丹田+誰かのため

呼吸

人間は、いざという時、理解を超えた力を発揮することがあるようです。

その力は、「誰かのため」の力。

 

私が小学生の頃、そうしたエピソードを全校で聴いた時、感動して泣いてしまいました。

人の話を聴いて泣くのは初めてだったので、どうしよう・・・、と動揺してしまいました。

そう思ったら、周りからもすすり泣きが聞こえてきて、ほっとしたのを覚えています。

その話とは、子供が大きな石の下敷きになってしまった事件のお話し。

大人の男の人が何人もで石をどかそうとしてもビクともしない。

見かねた母親が、最後、一人で大きな声をかけて「うー」と力を入れたら、石が動いたという話でした。

話の前後や、誰がお話ししてくださったのかは覚えていないのですが、母親の愛情の深さにに感動したことだけは覚えています。

 

きょう、山岡鉄舟の話をしました。

丹田の大切さを説明するためです。

山岡鉄舟が、徳川慶喜の使者として西郷隆盛に面会に行った時の話もしました。

敵の警備の中を、山岡鉄舟はひるむことなく歩いていったそうです。

本来なら敵ですから、殺されても当然です。

「先生、どうして殺されなかったんですか?」と学生が聞いてきました。

私が読んだ大森曹玄氏の「山岡鉄舟」によると、すごい気合だったようです。

肝の据わった「丹田の人」

その「丹田の力」に、将軍慶喜のため、ひいては日本の未来のため、という「誰かのため」という力が加わると、とてつもない力を発揮するものだと思いました。

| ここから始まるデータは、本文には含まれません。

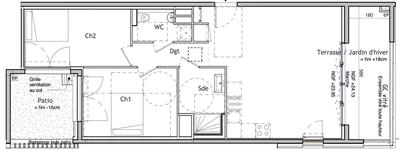 Appartement - 67 m² - 3 pièces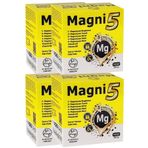 DR MÜYE Magnezyum 5 Etkili Form 12 Aylık 360 Kapsül B6 D3 Vit Magni5 Bisglisinat Taurat Sitrat Malat 4'lü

(西郷隆盛と山岡鉄舟の会談は、敵・味方を超えた人間同士の共鳴が、すごくかっこいいです)

 

それはともかく、私の授業では丹田を意識した腹式呼吸を練習しています。

きょうのイメージは、山岡鉄舟の「晴れてよし 曇りてもよし 富士の山・・・」にちなんで富士山。

腹式呼吸をしている学生の姿が富士山のように、どっしりと大きく見えました。